Kong Rithdee, writing for Variety, seems to be the only journalist in the Thai English-language press relentlessly tracking the moves by the military-installed National Legislative Assembly to pass a restrictive ratings law, which would give the government the power to ban a Thai film from being shown anywhere in the world, if they don't agree with it.
The draft Thai Film and Video Act comes before the NLA tomorrow. Members of the Free Thai Cinema movement, including Apichatpong Weerasethakul, Pen-ek Ratanaruang and Wisit Sasanatieng as well as artists, media reform activists and the Thai Film Foundation, have submitted an open letter to the sub-committee that is debating the law.
The Free Thai Cinema Movement also plans a demonstration in front of Parliament tomorrow.
It's a race for freedom, with the Free Thai Cinema Movement in a last-ditch attempt to halt a desperation power grab by the conservatives who control the Ministry of Culture to pass a law before the December 23 election.

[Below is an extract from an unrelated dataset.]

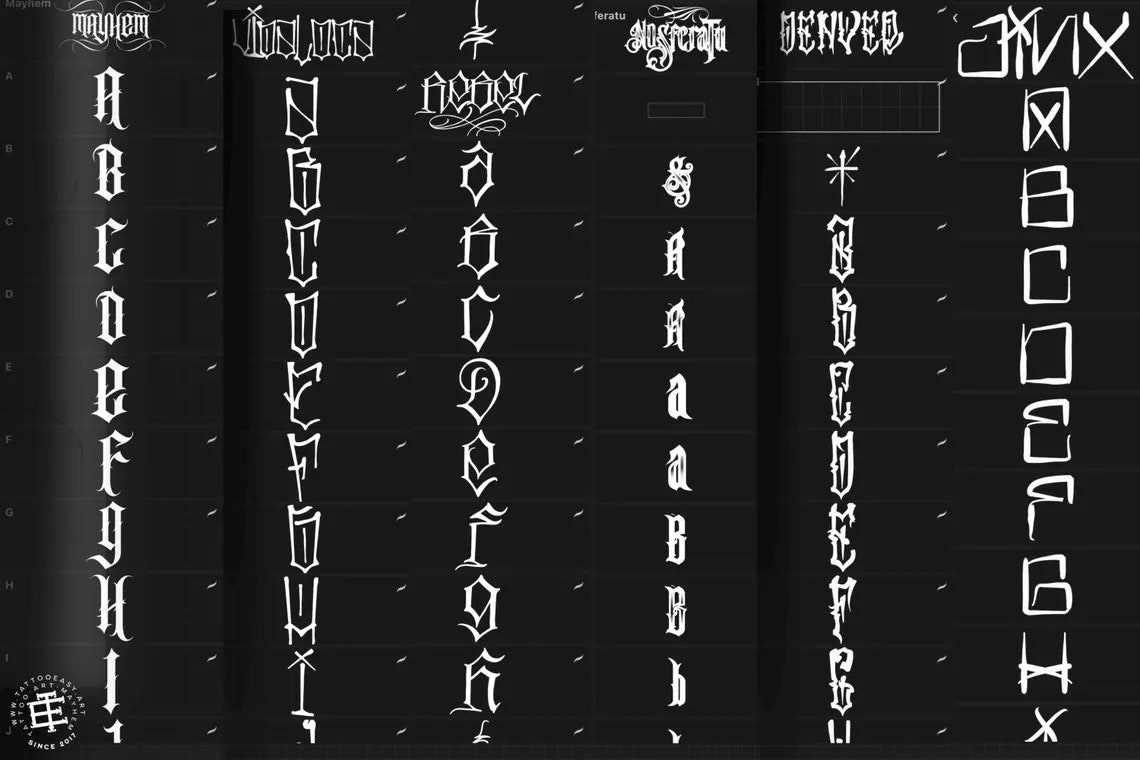 Procreate, Custom Tattoo Lettering Vol.2 / XL bundle 1000+ design elements for Procreate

The act would create a ratings system, which might seem like a positive step for Thailand, which still adheres to a 1930 censorship law. But the ratings system is even more restrictive, with an R-25 rating, restricting some films only to viewers 25 years and older. Then there is the "rated X" category, under which films would be banned if they are deemed to "impact sovereignty, religion, and the monarchy" of Thailand.
Just what constitutes impact? The wording is overly broad. Filmmakers fear it will simply be used as a political tool by politicians and police to ban films they don't agree with or understand.